16. Plaintiff had daily contact with the nursing staff.
17. Plaintiff was not double-bunked, her bed clothes were changed on a weekly basis and Plaintiff's clothing was washed daily.
18. Plaintiff had adequate clothing while incarcerated. Pursuant to the property grid for "Closed/Restrictive" classification, Plaintiff was given two sets of clothing while the general population was granted five sets.
19. Plaintiff had items relating to personal hygiene delivered at no cost to her, including soap, shampoo, toothpaste, and a toothbrush. Plaintiff had no funds on the prison books and was unable to work for pay since she was housed in Pod 3 of the East wing. WWC Prison policy does not allow inmates to work while housed in Pod 3.
20. Plaintiff received three meals a day and ate the same food as was fed to the general population. Plaintiff had to eat meals in her cell and not with any other inmates or in the Pod 3 day room.
21. Plaintiff had access to reading materials from the library cart and could request books be delivered to her.
22. Plaintiff had access to the prison Chaplain.
23. Plaintiff had access to the prison gymnasium, but the time was limited to only when no other inmate was using the facility and when a guard could transport her down to the gym.
24. Plaintiff had access to and used the prison physician twenty-six (26) times.
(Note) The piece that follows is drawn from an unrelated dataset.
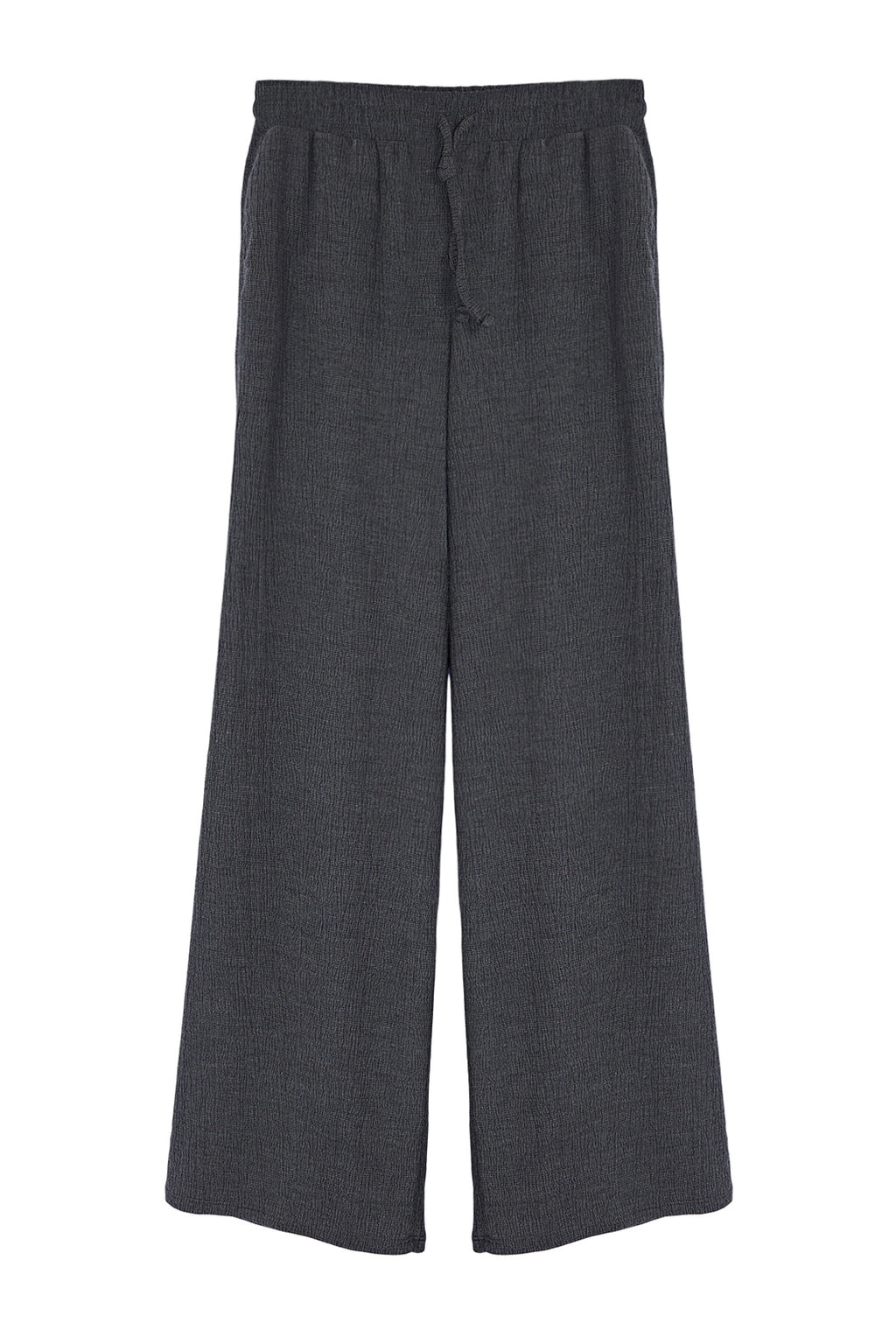 Premium Antrasit Wide Leg Esnek Örme Pantolon TWOSS24PL00054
Plaintiff also used the service of Dr. Coyle, D.O. and number of specialists located off-site.
25. In Pod 3, Plaintiff was denied the following privileges: any human contact with fellow inmates, working for pay, access to the general population day room, access to the cafeteria or commissary, access to inmate educational advantages, and a hair cut. Plaintiff was required to eat all meals in her cell which did not have a table or chair so she was constrained to sit on her bed or toilet to eat. Plaintiff was allowed out of her cell and into the Pod 3 day room a maximum of five and one-half hours a day. Plaintiff was not allowed to have everyday possessions which were allowed in minimum and even in certain East wing pods (Pods 1 and 2) such as jewelry, make up, hair pick, tweezers, nail clippers, mirror, facial tissue, colored pencils, hobby craft, religious items, cassette tapes or player, calculator, clock, clock radio, lamp, television, walkman cassette, hair dryer, and thermal top or bottoms. (Ex. 42).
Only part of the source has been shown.